Biden Signs Bill Officially Ending Covid National Emergency

A single sentence ending three years of hell.

A little over three years after the national emergency was declared over the covid pandemic, Biden signed a bill officially ending the order.

It appears vast swaths of the American population are done with the pandemic restrictions. The bill submitted was one of the rare ones that enjoyed any degree of bipartisan support.

A White House official downplayed the impact of the bill, saying the termination of the emergency “does not impact our ability to wind down authorities in an orderly way.”

The bill to end the national emergency cleared the Senate last month in a bipartisan 68-23 vote and passed the House earlier this year with 11 Democrats crossing party lines to vote for the joint resolution.

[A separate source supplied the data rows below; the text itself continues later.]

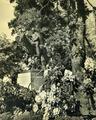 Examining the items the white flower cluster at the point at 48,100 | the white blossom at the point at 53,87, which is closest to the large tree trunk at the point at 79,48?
the white blossom at the point at 53,87

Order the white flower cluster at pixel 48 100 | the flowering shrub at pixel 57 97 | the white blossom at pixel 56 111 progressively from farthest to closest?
the flowering shrub at pixel 57 97
the white flower cluster at pixel 48 100
the white blossom at pixel 56 111

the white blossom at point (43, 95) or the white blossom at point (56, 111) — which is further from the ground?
the white blossom at point (43, 95)

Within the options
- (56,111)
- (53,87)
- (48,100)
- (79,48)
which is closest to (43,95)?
(48,100)

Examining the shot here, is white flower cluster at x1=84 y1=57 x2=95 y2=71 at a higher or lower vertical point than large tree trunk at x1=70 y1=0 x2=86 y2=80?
lower

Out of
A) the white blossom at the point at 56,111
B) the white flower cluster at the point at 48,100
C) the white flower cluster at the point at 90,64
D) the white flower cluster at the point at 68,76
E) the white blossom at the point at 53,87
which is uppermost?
the white flower cluster at the point at 90,64

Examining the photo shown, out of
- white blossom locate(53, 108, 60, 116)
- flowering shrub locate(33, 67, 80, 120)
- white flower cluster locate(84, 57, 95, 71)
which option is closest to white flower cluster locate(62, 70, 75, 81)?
flowering shrub locate(33, 67, 80, 120)

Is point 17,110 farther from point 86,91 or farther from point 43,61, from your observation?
point 43,61

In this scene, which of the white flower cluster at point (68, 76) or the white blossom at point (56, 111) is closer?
the white blossom at point (56, 111)

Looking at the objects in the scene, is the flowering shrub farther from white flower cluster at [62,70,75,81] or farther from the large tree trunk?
the large tree trunk

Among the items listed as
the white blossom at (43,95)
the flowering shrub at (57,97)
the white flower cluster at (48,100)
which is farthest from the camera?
the white blossom at (43,95)

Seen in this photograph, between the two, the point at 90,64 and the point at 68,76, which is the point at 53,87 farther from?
the point at 90,64

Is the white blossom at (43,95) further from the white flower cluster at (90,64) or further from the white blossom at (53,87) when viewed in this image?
the white flower cluster at (90,64)

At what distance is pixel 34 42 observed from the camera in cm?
3578

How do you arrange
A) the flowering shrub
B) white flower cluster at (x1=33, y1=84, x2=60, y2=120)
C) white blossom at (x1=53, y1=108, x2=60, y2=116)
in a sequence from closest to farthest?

“Since Congress voted to terminate the National Emergency earlier than anticipated, the Administration has worked to expedite its wind down and provide as much notice as possible to potentially impacted individuals,” the official said, adding that the country is in a “different place” than it was in January.

The administration has been winding down authorities over the past few months, the official noted.

It’s unclear what immediate effect Biden’s signature will have on American policies tied to the national emergency. However, I can almost guarantee that any measure that serves Democrats or weakens the country will be maintained for as long as practically possible.

The Justice Department has said that ending the emergency would terminate the Title 42 migration policy that allows for the rapid deportation of people who illegally cross the US-Mexico border.

The Biden administration has eased enforcement of Title 42 by gradually allowing more people into the US to await asylum rulings, but thousands of migrants have still been deported each month under the policy, which would have to be replaced with a new plan to address record-high illegal crossings.

Biden also invoked the national emergency last year when announcing plans just before the midterm elections to forgive up to $20,000 in federal student debt per borrower. Critics say that Biden exceeded his legal authority and the Supreme Court is reviewing that plan.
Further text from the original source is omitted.